Aim of the exercise
Your response to the data below should hold nothing except the lines from the one containing "Casa à venda" down to the one containing "Дисковая (Циркулярная) пила", reproduced exactly and without pictures.

Records to use
◆ ◆ ◆ ◆ ◆

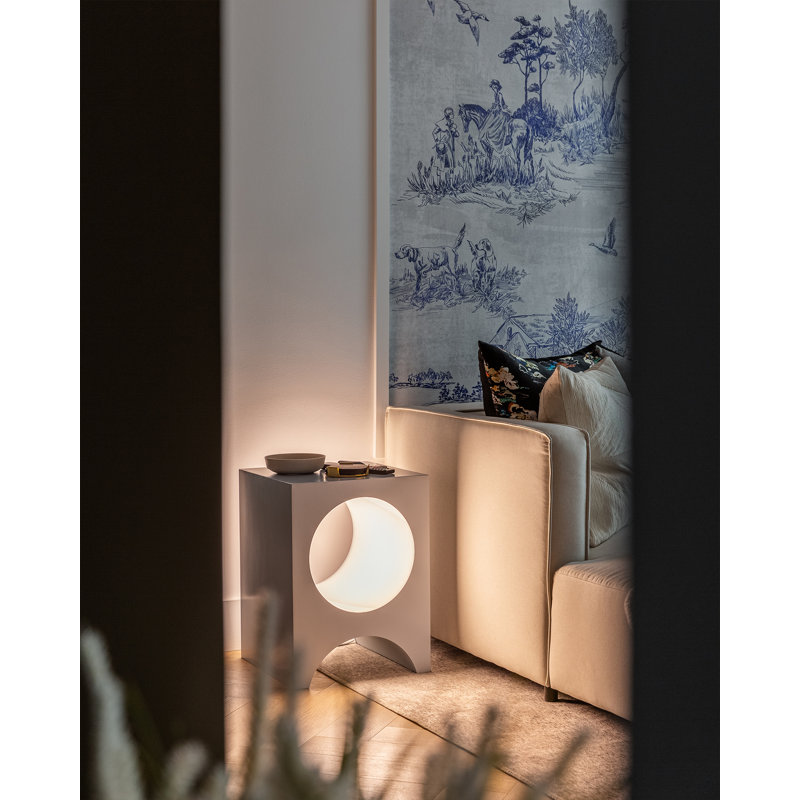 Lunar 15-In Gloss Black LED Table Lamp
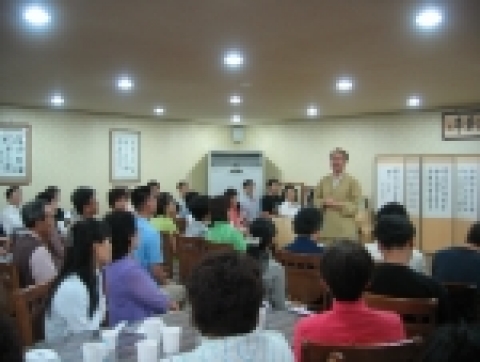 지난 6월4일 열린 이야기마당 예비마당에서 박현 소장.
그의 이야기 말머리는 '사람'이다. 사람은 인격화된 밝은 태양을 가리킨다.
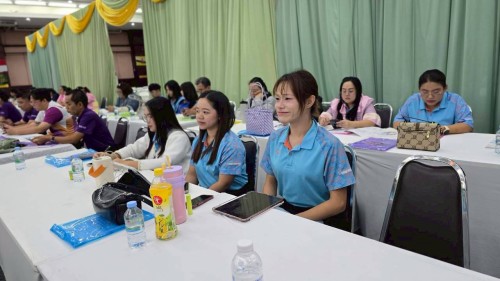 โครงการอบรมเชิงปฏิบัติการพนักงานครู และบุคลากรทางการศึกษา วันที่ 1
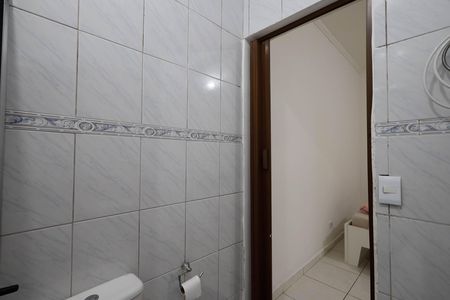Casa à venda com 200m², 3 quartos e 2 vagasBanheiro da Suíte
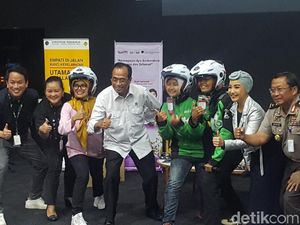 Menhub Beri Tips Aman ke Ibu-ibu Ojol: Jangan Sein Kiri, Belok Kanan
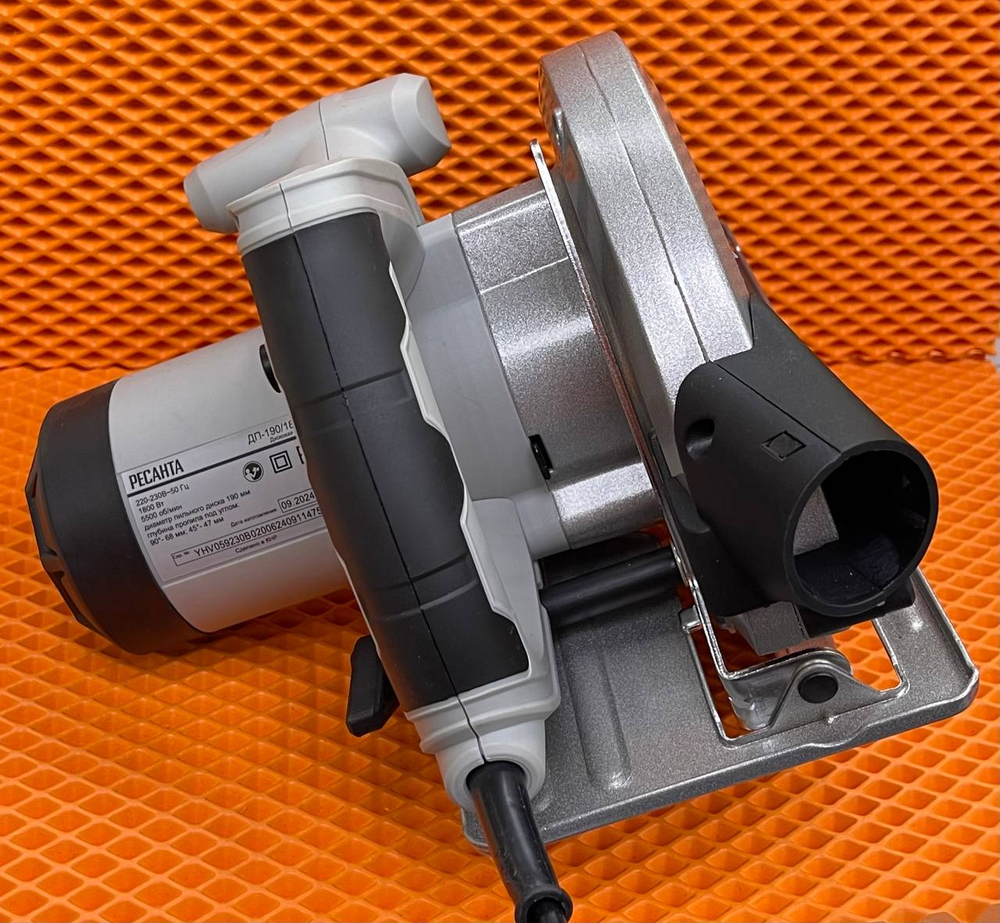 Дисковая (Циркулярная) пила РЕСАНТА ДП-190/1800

◆ ◆ ◆ ◆ ◆

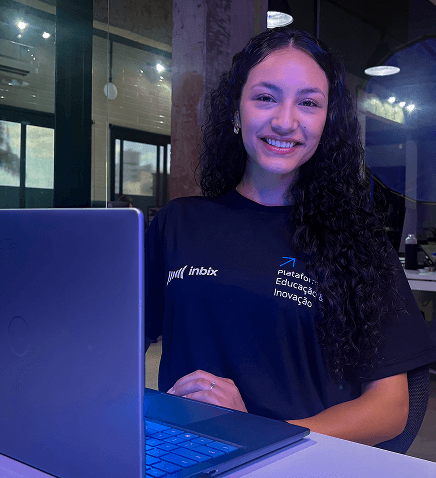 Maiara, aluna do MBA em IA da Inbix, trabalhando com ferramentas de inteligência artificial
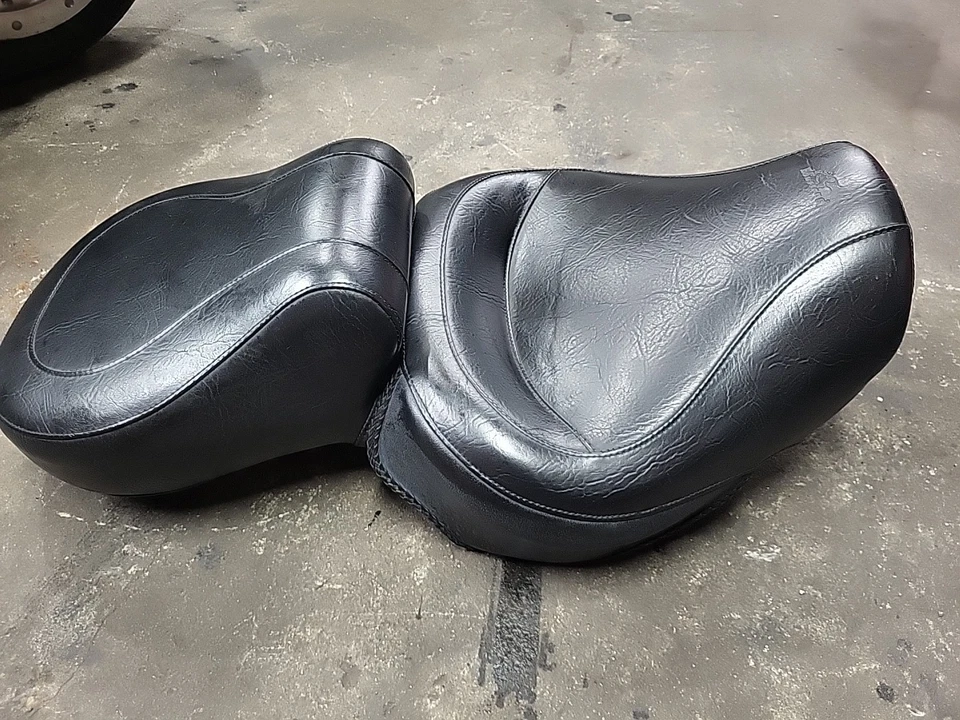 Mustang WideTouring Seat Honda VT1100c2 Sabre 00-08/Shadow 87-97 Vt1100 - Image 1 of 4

◆ ◆ ◆ ◆ ◆

Task response
Casa à venda com 200m², 3 quartos e 2 vagasBanheiro da Suíte
 Menhub Beri Tips Aman ke Ibu-ibu Ojol: Jangan Sein Kiri, Belok Kanan
 Дисковая (Циркулярная) пила РЕСАНТА ДП-190/1800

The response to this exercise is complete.